Each bespoke Kwatani screen is then put though a full factory acceptance test. This is where the FEA results are validated using the company’s data acquisition system. Test and measurement data is stored to capture the precise operating performance levels of each machine during the factory acceptance test. A detailed test certificate is issued that captures all the important measurements of each machine, which is then signed off by the design engineer. This can later be compared with measurements taken on site to deter- mine what influence the building structure and run-of-mine ore have on the machine.

“Another recent test campaign involves the use of real-time RFID tracers to track screening performance as mechanical parameters are changed on a test screen,” adds De Villiers. “In partnership with another OEM, we have constructed material samples, each with a particular weight, size and shape, which can be put into a working plant to see how each RFID tracer particle moves within the ore body being processed.

“It is interesting to see how these particles mix with the surrounding ore body particles and how they move through the bed depth. We can follow the speed and flow of each particle and accurately quantify the dis- charge speed of the unit.

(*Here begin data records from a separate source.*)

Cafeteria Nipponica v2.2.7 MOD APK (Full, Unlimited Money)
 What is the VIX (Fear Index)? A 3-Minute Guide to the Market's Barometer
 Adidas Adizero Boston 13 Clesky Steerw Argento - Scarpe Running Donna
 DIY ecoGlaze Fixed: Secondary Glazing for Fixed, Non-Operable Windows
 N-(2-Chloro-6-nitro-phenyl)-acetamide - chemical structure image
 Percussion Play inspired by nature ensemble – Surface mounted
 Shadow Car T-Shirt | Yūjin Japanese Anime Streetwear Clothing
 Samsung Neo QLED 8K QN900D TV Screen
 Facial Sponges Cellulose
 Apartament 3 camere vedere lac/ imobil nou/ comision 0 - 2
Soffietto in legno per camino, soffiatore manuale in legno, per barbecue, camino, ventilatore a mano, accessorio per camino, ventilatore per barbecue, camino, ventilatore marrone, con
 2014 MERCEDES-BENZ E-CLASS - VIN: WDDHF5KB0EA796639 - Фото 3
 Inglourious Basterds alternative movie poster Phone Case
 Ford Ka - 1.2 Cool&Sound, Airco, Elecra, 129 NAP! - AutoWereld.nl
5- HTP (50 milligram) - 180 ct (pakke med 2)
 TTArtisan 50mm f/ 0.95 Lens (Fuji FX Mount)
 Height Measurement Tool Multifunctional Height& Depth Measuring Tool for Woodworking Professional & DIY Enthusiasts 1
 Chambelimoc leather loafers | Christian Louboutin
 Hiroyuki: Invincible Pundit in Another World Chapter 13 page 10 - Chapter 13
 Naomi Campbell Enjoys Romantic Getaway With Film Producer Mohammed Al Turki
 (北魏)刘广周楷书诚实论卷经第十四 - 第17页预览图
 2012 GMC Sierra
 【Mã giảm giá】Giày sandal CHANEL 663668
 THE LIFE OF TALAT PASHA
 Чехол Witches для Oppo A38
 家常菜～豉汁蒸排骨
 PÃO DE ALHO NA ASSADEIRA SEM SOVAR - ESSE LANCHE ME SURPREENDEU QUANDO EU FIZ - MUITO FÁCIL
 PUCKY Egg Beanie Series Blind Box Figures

This enables us to optimise the screen dynamics to make sure that processing speeds accurately match the design,” De Villiers explains.

“Often, we get to site and the ore body is very different to that specified for design purposes. So continuous optimisation is as important as initial design to ensure that the expected performance of the screen can be realised on an ongoing basis,” says Van der Walt.

“After installation and commissioning is completed by our experienced service teams, feedback from the plant is evaluated against the customer’s initial expectations. Our onsite teams can then assist with further optimisation, if required, and are available to perform routine comprehensive on-site assessments and surveys on any other existing plant equipment,” she tells MechChem Africa.

Mega plants: pushing the envelope

Processing capacity requirements on key equipment such as screens, feeders and crushers have now increased to thousands of tons per hour. Kwatani’s bespoke approach stands out with respect to the optimisation and integration of these plant designs. “It is typical for these mega plants to run at a lower cost per ton, but only if reliable equipment is used to ensure low lifecycle costs and minimum downtime. It doesn’t help if a plant that can process several thousands of tons per hour sits idle because of unreliability,” Van der Walt points out.

One of Kwatani’s flagship installations is a scalping screen that can process up to 7 000 t/h of iron ore through panels with 80 mm apertures and a top feed size capacity of 400 to 500 mm. “These screens use Kwatani’s own design for the rubber scalping panels, which can withstand the heavy forces and impacts associated with the large top feed sizes. We have also designed, manufactured and installed several 14-foot wide screens. Our approach gives processing plant EPC an easily implementable solution: for single line processing streams; to add redundancy via high capacity standby units; and/or to simplify the associated bulk materials handling systems,” she notes.

“With mega plants, it is more important than ever to come up with best-fit design solutions that balance the needs of the ore, the panel materials, the mechanical dynamics and the structural design. We believe our bespoke approach gives us the edge when it comes to implementing robust solutions that offer long wear life and absolute minimum downtime,” Van der Walt concludes.